- Tunn Is
- Genre: Thriller; Crime drama;
- Written by: Birkir Blær Ingólfsson, Jónas Margeir Ingólfsson, Jóhann Ævar Grímsson
- Directed by: Cecilie A. Mosli, Thale Persen, Guðjón Jónsson
- Country of origin: Sweden
- Original languages: Swedish English Greenlandic Danish
- No. of series: 1
- No. of episodes: 8

Production
- Running time: 44 minutes
- Production company: C More TV4 Yellow Bird

Original release
- Release: 3 February 2020

= Thin Ice (2020 TV series) =

Swedish crime drama television series

Thin Ice is a 2020 television series set in Greenland and the Icelandic seas.

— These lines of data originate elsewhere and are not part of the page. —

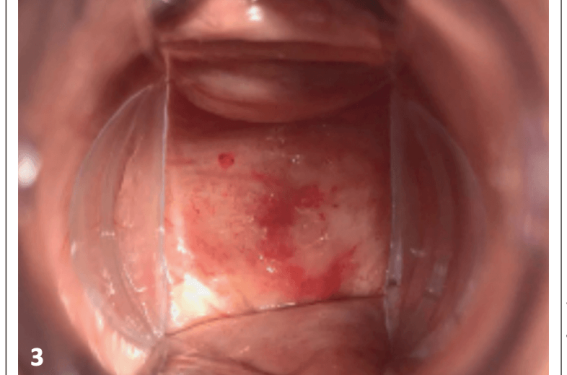 Sécheresse vaginale : estrogène, hydratant, lubrifiant ou laser Sécheresse vaginale : estrogène, hydratant, lubrifiant ou laser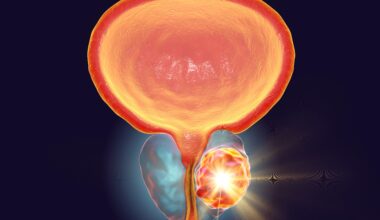 Data from the ROSELLA trial show a consistent benefit with relacorilant plus nab-paclitaxel across PROC subgroups.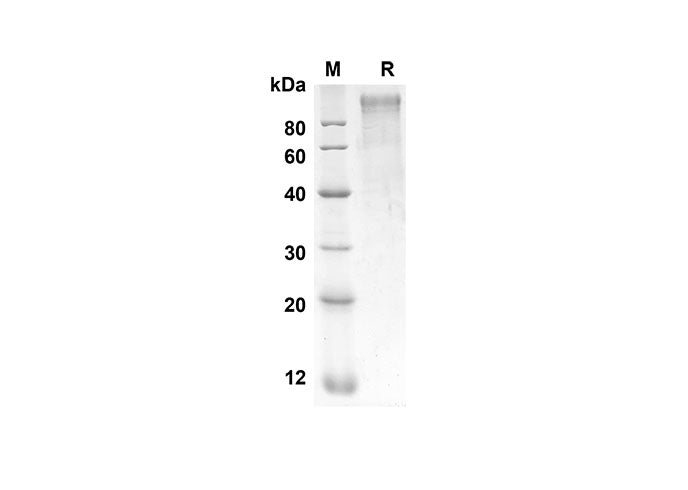SDS-PAGE analysis of Rat SELP proteins, 2 μg/lane of Recombinant Rat SELP proteins was resolved with SDS-PAGE under reducing conditions, showing bands at 73.4 kDa.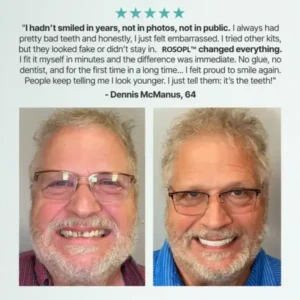 Custom-Fit Functional Dentures — Made in the USA, Up to 70% OFF for a More Confident Smile! - Image 5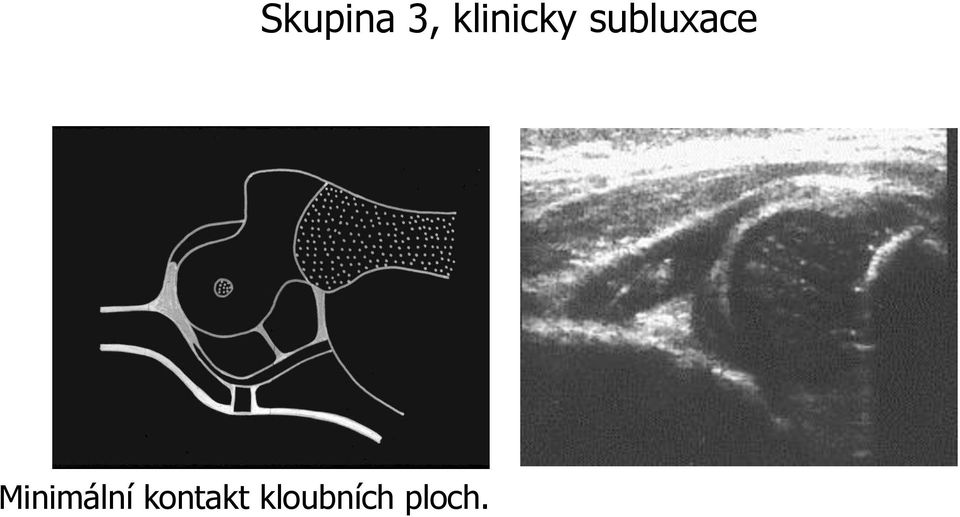 kloubních ploch.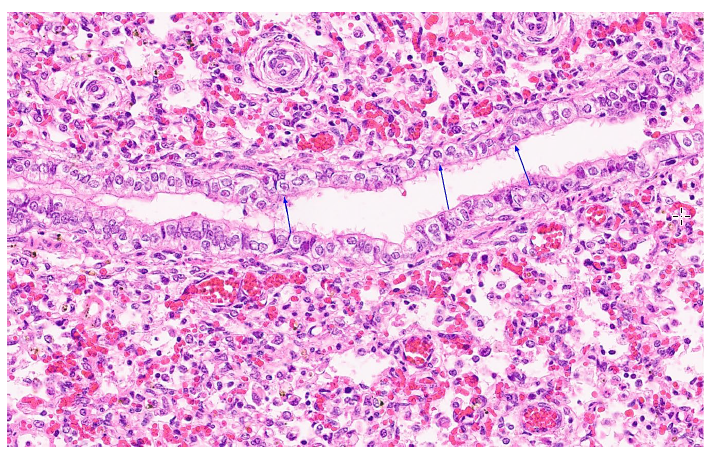 Figure 2. Histological findings in an aborted fetus infected with non-neuropathogenic equine herpesvirus-1. A few bronchiolar epithelial cells contain an eosinophilic intranuclear viral inclusion body with marginated chromatin (arrows). H&E stain.
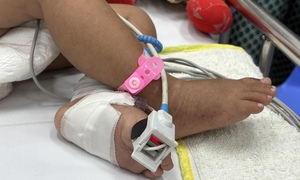 Bệnh hô hấp vào mùa, trẻ nhập viện gia tăng tại TP.HCM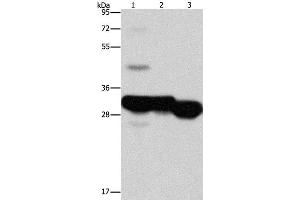 Western Blot analysis of Mouse liver and kidney tissue, Human fetal liver tissue using KHK Polyclonal Antibody at dilution of 1:1250 (Ketohexokinase anticorps)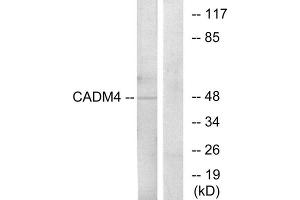 Western blot analysis of extracts from RAW264. (Cell Adhesion Molecule 4 anticorps  (C-Term))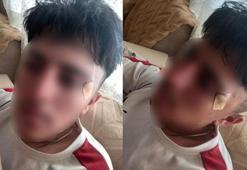 Eğitim merkezinde öğretmenin kafa attığı çocuğun burnu kırıldı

A co-production between Icelandic, French and Swedish companies the first season was broadcast in 2020. It is the most expensive TV series ever produced in Iceland.

==Synopsis==
An attack on a Swedish oil exploration vessel and the disappearance of its crew takes intelligence officer Liv Hermanson to the Greenland village of Tasiilaq to investigate. The cast includes Davíð Guðbrandsson, Lena Endre, Bianca Kronlöf and Guðjón Ragnarsson.

==Production==
Although the series is mostly set in Greenland, filming largely took place in Iceland with the town of Stykkishólmur serving as one of the main settings.